Do you consider Mercury to be SaaS?

Answer
@immad CEO, Mercury
 

Mercury is a fin-tech company and makes money on float and interchange. Most fin-tech companies are not SaaS, though some are.

8

What are your thoughts on venture debt, and how it may affect startup funding?

Answer
@immad CEO, Mercury
 

A few types of business model have delayed revenue and venture debt (or any sort of debt) can make a lot of sense.

For example if you make a lot of revenue but most of your customers pay you after 90 days then having extra cash flow to cushion that is a no brainer.

For a company thats not making any revenue going down the debt route can lead to contraction of options. If things go south and you can't raise the next funding round then that debt can basically force you to shut down the company. Where as you would have more options available if you didn't have debt to service.

7

What makes Mercury better than its competitors?

Answer
@immad CEO, Mercury
 

We started Mercury because working with incumbent banks at my last startup was really painful. The products suck, you often have to call people to get things done, they charge you random fees in unexpected way, they don't have APIs and they never improve.

We think there is a lot of room for innovation and the field is more than 10 years behind other software.

7

Can you point to a decision you made at some point in the past that has had an outsized impact on your career? What was it and why was it so important?

Answer
@immad CEO, Mercury
 

I owe a lot to Y Combinator and giving me a path to emigrate from London to San Francisco.

At least in 2007 the silicon valley/SF scene for entrepreneurship was a lot better than in London and its been the biggest accelerant to my career.

6

What future feature/functionality are you most excited about for Mercury?

Answer
@immad CEO, Mercury
 

iOS app is our most requested feature. We are going to have that live soon!

We are also close to launching virtual debit cards. So you don't have to wait for the physical card to arrive and can make extra cards on the fly. This is especially useful to our foreign-resident users.

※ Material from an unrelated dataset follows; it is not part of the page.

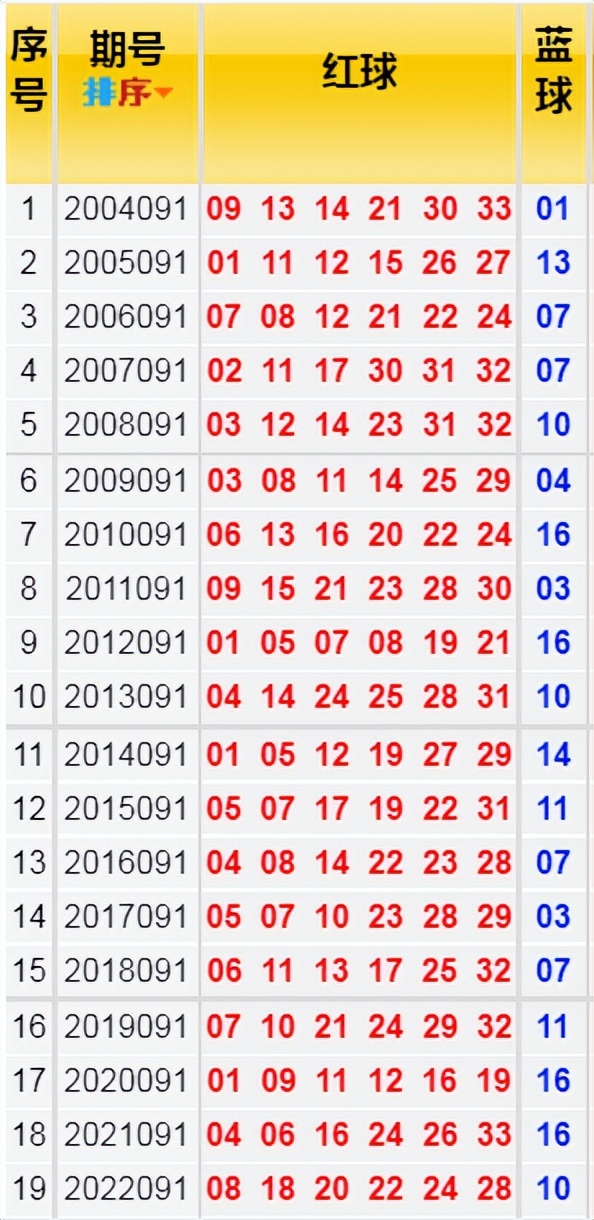 双色球23109期预测蓝球13,双色球23051期蓝球预测分析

We are also half way through building a fairly powerful user permissions system that has been heavily requested and excited to see that develop.

6

How are business spending habits changing? What role does Mercury play in shaping such habits?

Answer
@immad CEO, Mercury
 

The biggest ongoing shift in business spending is the continued shift to SaaS. Almost everything we spend money on now is SaaS based.

Part of the reason we started Mercury is to help businesses understand where and how they are spending money. SaaS fees can often balloon unexpectedly and we think that your bank should help you monitor whats happening with your money.

5

When building Mercury, what surprised you about financial services and regulations?

Answer
@immad CEO, Mercury
 

Financial services and regulation can seem intimidating initially. I think the key to success is to not be scared and dive in to understanding them deeply.

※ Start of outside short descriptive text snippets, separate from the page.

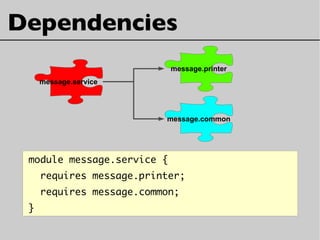 Dependencies
module message.service {
requires message.printer;
requires message.common;
}
message.service
message.printer
message.common
 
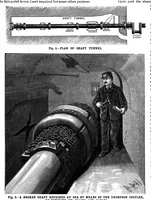 An illustration from Scientific American, Vol. 64, No. 23 (1891) (1891)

Often those that are best situated to understand financial services / regulations (like bankers) are so stuck in how things are done in the past that they don't understand what is possible. Bringing a multi-disciplinary mindset to the space actually allows you to really build great products in a way that no one within the industry would do.

5

How did you decide on the name Mecury?

Answer
@immad CEO, Mercury
 

It was important for us to pick a name that both shower longevity and innovation. Roman gods are great for that.

Mercury is the Roman god of financial gain so that was an easy choice (it was my co-founder, Jason's, suggestion)

5

What sparked your your incredible growth?

Answer
@immad CEO, Mercury
 

We spend 1.5 years building the product and it helped that I knew exactly what my pain points were at previous banks and what we wanted to build.

The growth really kicked off when we launched on Twitter. @a16z, @justinkan, @eladgil and a few others are investors in Mercury and have big twitter followings so their initial tweets were the spark to our growth.

Since then we have grown organically through word of mouth.